Return the lines of the data below, from the one containing "Inteligentná zásuvka IMMAX" through the very last, exactly and with both ends included; no pictures.

━━━━━━

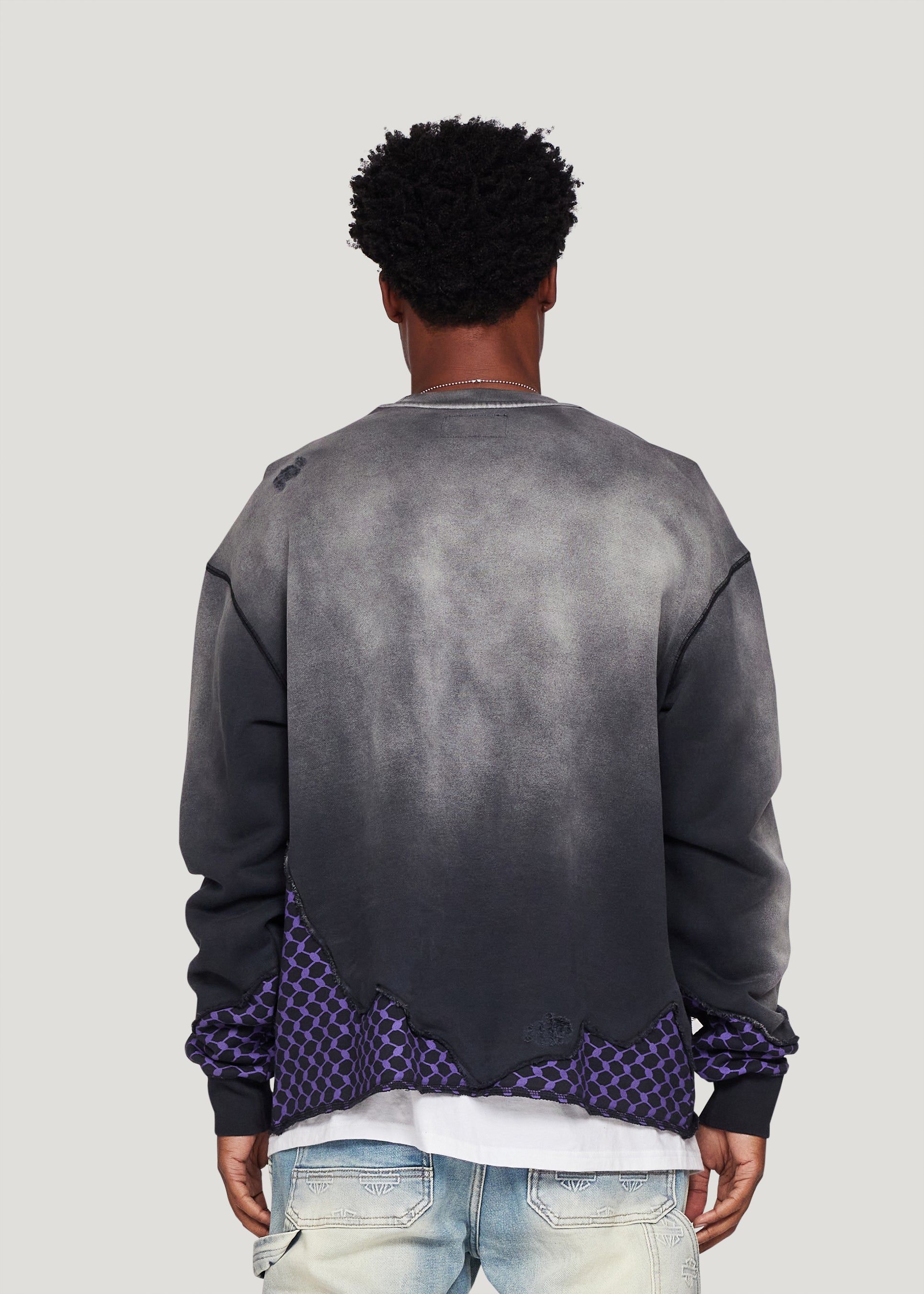 Distress Pattern Crewneck (Black)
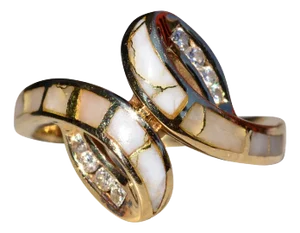 The Conyer: Ladies Signed 14K Yellow Gold Ring set with Gold in Quartz and Diamonds
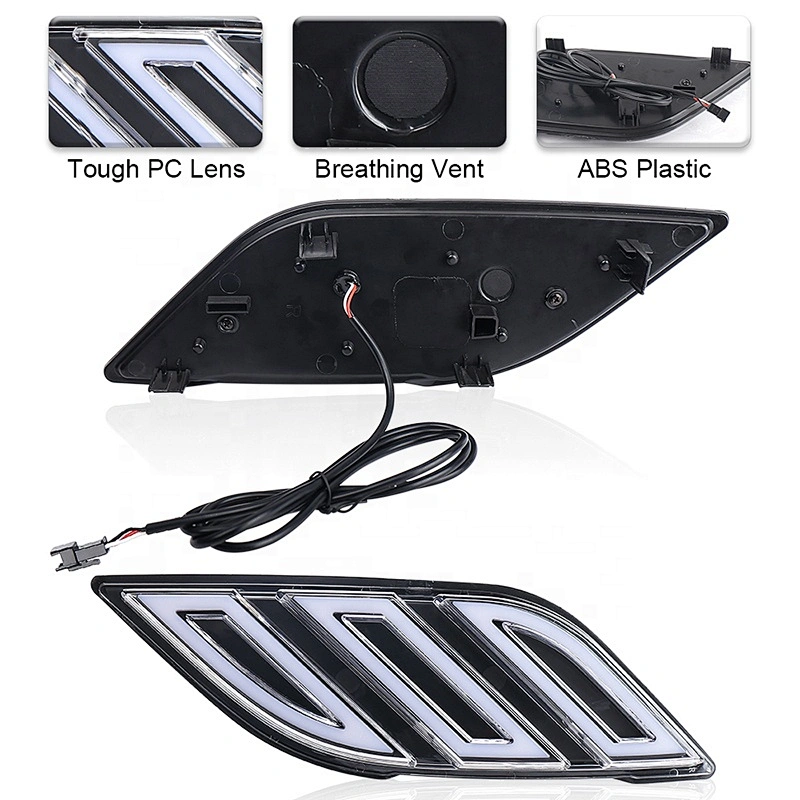 OVOVS Led Fender Vents Lighting with Amber Sequential Turn Signal Light White DRL for Ford Raptor 2017 up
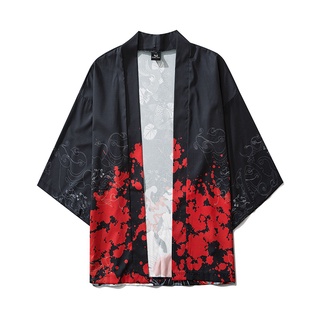 Summer Japanese Five Point Sleeves Kimono Mens And Womens Cloak Jacke Black Cardigan Blouse Para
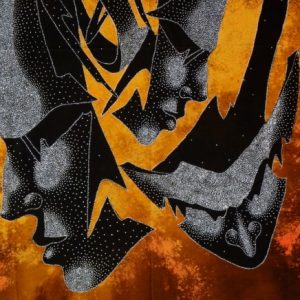 Batik balinesisches Stoffbild Masken Trio in 3-D, 75 x 90 cm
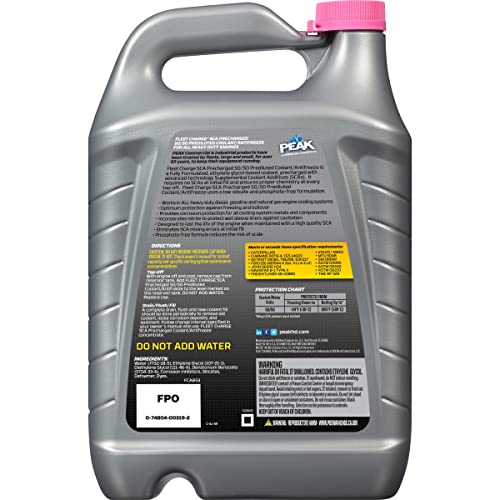 PEAK Fleet Charge SCA Precharged 50/50 Prediluted Antifreeze and Coolant for All Heavy Duty Engine Cooling Systems, 1 Gal. - size: 50/50
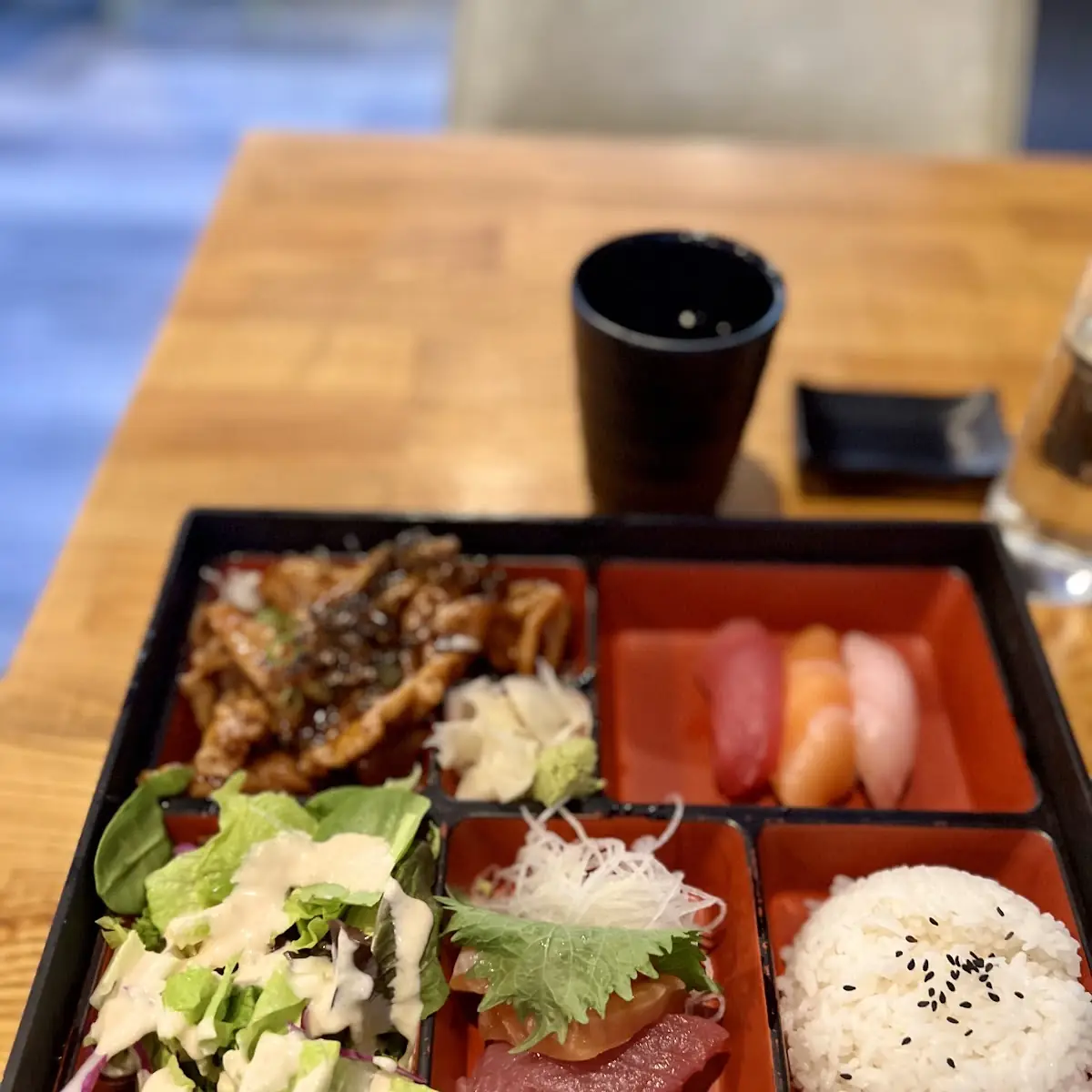 Three Item Bento Box Sashimi Tuna Assorted Tempura Chicken Teriyaki and Salad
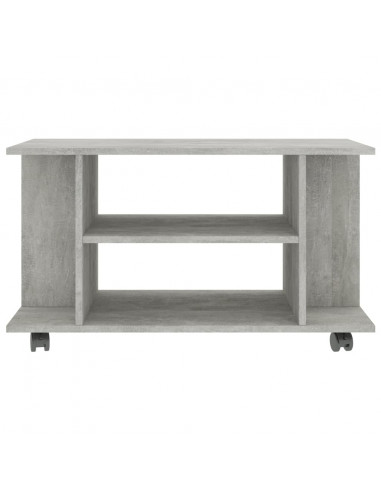 Mobile TV con Ruote Grigio Cemento 80x40x45 cm in Multistrato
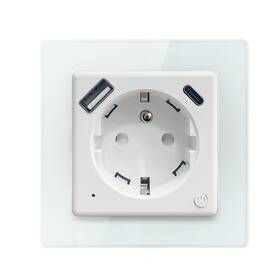 Inteligentná zásuvka IMMAX NEO SMART, Nexa s kolíkom (typ E) / 1× USB / 1× USB-C / PD 20 W / Zigbee / LIDL / TUYA biela


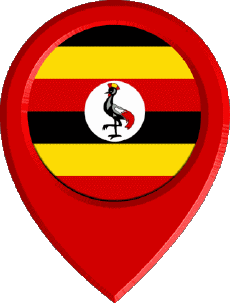 Fahnen Afrika Uganda Standort-Pin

━━━━━━

» **EXERCISE ANSWER**
 Inteligentná zásuvka IMMAX NEO SMART, Nexa s kolíkom (typ E) / 1× USB / 1× USB-C / PD 20 W / Zigbee / LIDL / TUYA biela


 Fahnen Afrika Uganda Standort-Pin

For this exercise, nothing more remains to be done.